Riconoscere i diritti individuali, anche quello alla sicurezza e all’integrità personale come fa il ddl Zan, allarga il perimetro del benessere e della libertà alle persone che ne sono escluse. Ed è un riconoscere diritti già stabiliti con la Costituzione Italiana ma inapplicati, non la graziosa concessione di privilegi a sudditi.

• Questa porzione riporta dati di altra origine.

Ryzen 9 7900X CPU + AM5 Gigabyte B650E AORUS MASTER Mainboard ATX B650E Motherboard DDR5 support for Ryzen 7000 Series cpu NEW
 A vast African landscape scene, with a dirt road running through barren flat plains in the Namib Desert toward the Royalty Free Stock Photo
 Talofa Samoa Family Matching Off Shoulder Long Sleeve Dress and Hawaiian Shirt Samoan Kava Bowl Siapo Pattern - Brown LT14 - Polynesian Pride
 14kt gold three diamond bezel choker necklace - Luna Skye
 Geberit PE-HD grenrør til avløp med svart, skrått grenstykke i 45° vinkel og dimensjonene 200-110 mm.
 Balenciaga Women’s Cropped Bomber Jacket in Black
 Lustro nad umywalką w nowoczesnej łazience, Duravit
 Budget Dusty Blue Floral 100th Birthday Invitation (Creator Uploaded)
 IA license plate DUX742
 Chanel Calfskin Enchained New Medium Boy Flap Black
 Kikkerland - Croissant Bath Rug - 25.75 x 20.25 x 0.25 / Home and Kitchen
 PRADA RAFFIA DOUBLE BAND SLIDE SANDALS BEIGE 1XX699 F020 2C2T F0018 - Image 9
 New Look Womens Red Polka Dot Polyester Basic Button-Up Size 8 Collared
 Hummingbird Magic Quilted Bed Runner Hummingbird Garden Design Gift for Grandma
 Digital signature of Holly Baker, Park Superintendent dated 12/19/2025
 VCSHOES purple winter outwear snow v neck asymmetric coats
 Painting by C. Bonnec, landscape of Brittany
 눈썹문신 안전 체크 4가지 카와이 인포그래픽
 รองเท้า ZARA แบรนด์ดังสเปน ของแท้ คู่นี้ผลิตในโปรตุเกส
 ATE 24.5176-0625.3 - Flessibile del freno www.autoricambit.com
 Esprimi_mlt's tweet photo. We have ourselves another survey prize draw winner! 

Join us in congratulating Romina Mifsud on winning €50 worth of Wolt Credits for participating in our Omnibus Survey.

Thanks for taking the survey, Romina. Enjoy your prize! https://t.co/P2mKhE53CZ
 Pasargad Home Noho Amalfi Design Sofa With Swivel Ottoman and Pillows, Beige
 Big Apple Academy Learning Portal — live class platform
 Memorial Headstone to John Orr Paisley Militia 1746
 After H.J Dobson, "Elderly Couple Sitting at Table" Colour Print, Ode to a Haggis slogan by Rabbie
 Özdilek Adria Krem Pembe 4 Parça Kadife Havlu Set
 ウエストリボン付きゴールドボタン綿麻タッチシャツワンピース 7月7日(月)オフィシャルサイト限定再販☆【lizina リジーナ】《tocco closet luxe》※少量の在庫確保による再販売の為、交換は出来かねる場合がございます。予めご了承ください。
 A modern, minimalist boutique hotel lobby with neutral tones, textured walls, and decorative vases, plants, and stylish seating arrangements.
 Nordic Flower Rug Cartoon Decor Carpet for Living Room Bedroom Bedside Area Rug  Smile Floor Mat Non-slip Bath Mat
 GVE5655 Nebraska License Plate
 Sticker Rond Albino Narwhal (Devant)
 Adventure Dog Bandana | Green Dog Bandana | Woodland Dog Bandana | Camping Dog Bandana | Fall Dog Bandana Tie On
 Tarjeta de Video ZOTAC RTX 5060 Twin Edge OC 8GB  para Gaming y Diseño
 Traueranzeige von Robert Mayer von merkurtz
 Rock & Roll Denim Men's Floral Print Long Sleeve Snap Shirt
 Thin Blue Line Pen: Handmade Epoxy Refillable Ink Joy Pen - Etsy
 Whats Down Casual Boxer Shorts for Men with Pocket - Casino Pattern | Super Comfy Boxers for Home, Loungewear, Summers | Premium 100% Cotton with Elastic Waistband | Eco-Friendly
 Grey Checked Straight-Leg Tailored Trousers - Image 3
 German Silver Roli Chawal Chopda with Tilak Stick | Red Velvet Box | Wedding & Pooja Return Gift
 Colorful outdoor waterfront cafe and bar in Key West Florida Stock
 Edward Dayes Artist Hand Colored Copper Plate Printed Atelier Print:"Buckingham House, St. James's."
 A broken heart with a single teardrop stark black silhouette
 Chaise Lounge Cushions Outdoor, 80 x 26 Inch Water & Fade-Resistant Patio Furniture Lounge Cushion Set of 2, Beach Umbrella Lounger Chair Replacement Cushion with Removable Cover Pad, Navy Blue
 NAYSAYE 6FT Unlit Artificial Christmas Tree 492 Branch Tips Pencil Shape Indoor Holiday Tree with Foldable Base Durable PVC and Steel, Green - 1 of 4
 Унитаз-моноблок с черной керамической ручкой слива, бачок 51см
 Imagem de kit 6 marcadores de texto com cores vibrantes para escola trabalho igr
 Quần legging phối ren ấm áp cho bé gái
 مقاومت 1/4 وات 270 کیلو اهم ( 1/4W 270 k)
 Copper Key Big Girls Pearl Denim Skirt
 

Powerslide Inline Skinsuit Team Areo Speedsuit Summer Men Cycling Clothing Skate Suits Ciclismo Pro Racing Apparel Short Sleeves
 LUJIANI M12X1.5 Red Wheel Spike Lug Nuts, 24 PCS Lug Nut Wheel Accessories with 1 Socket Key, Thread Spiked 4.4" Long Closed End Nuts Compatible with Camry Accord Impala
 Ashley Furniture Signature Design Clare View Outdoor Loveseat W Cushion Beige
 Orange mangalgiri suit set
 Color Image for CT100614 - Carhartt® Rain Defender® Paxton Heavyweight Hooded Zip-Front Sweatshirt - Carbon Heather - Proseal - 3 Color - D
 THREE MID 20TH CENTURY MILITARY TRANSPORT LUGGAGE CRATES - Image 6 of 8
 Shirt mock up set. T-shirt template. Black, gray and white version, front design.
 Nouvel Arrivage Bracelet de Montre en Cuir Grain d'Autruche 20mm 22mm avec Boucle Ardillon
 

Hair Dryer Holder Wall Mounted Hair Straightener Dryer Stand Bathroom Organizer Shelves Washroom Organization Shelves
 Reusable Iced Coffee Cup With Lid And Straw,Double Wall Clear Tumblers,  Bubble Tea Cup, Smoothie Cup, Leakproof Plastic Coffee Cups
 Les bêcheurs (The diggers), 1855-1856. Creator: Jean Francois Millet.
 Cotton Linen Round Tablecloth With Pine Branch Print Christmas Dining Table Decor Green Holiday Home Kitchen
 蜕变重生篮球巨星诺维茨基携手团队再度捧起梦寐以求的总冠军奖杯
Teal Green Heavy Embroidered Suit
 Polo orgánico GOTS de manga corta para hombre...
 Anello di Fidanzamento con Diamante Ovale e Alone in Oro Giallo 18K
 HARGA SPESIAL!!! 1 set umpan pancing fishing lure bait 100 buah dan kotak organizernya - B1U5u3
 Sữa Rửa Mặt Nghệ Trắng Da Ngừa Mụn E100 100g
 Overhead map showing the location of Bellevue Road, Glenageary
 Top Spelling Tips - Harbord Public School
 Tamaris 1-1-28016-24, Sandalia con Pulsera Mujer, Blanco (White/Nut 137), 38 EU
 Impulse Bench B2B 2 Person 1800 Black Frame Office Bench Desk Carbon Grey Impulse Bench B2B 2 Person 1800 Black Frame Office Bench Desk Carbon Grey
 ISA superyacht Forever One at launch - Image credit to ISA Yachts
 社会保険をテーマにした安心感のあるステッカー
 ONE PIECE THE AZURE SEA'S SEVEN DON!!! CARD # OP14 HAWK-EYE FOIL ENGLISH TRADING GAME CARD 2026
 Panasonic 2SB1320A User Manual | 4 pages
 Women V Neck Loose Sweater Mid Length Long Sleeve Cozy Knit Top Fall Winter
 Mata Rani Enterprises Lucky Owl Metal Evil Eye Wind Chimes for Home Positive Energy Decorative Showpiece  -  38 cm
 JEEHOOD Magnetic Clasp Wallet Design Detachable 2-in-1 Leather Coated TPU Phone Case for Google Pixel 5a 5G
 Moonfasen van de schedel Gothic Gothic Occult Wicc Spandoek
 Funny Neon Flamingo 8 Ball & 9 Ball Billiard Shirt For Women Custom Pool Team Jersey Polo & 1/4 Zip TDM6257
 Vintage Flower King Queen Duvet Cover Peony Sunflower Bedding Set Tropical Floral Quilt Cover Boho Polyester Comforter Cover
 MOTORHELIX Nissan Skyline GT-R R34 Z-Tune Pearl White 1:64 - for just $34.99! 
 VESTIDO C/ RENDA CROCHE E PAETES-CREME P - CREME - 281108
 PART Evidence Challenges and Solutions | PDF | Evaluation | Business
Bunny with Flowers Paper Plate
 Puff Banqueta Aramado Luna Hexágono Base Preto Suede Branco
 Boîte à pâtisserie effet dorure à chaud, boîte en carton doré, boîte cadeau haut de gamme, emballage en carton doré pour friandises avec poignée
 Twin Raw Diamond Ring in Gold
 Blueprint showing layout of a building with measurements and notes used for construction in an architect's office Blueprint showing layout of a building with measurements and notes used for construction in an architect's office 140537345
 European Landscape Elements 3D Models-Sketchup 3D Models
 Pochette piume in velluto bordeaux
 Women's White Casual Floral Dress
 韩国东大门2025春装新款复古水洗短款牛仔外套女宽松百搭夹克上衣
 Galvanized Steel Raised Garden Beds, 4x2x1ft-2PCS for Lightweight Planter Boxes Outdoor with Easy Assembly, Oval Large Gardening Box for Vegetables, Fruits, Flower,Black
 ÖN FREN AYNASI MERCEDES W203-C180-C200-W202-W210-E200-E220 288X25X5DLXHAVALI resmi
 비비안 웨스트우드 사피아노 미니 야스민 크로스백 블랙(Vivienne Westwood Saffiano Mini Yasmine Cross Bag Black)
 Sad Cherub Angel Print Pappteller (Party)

Infine, qualche annotazione su Rivolta Pride. Al di là dei numeri, comunque molto abbondanti (noi vecchie attiviste, incrociandoci, non facevamo che dire quanto sia cambiato da quelle prime manifestazioni di 40 anni fa, quando si era cento o duecento da tutta Italia – ma gli abbigliamenti si somigliavano), Rivolta Pride ha visto in strada giovani e giovanissime, tantissime donne e una esplicita carica di ribellione che si è espressa anche nei modi di vestire e di svestire, di mescolare e ridisegnare i generi e nel legame dichiarato tra le lotte per le libertà individuali e l’insofferenza verso le disuguaglianze e le ingiustizie sempre più vistose che la pandemia ha accentuato. E in parti delle quali ancora bruciano gli sgomberi effettuati dall’amministrazione comunale, capace di sprechi sociali e culturali enormi, di realtà come XM24 e Atlantide.

Il Pride-sfilata degli anni scorsi, comunque molto significativo e incubatore di pensieri nuovi, si collocava in un ambito più prevedibile. Rivolta Pride, anche con la scelta di non accettare sponsorizzazioni di imprese e presenze istituzionali o partitiche, si colloca altrove, un altrove in gran parte da scrivere ma che lascia intuire come sotto la pelle della società italiana ribollano bisogni e desideri, si mescolino sofferenze e insofferenze, linguaggi e corporeità eversive che del tutto improbabilmente – dissento in questo da Di Biase – questa sinistra italiana, impregnata com’è dei dogmi neoliberisti e di una visione “perbenina” delle società, potrà cogliere ed accogliere.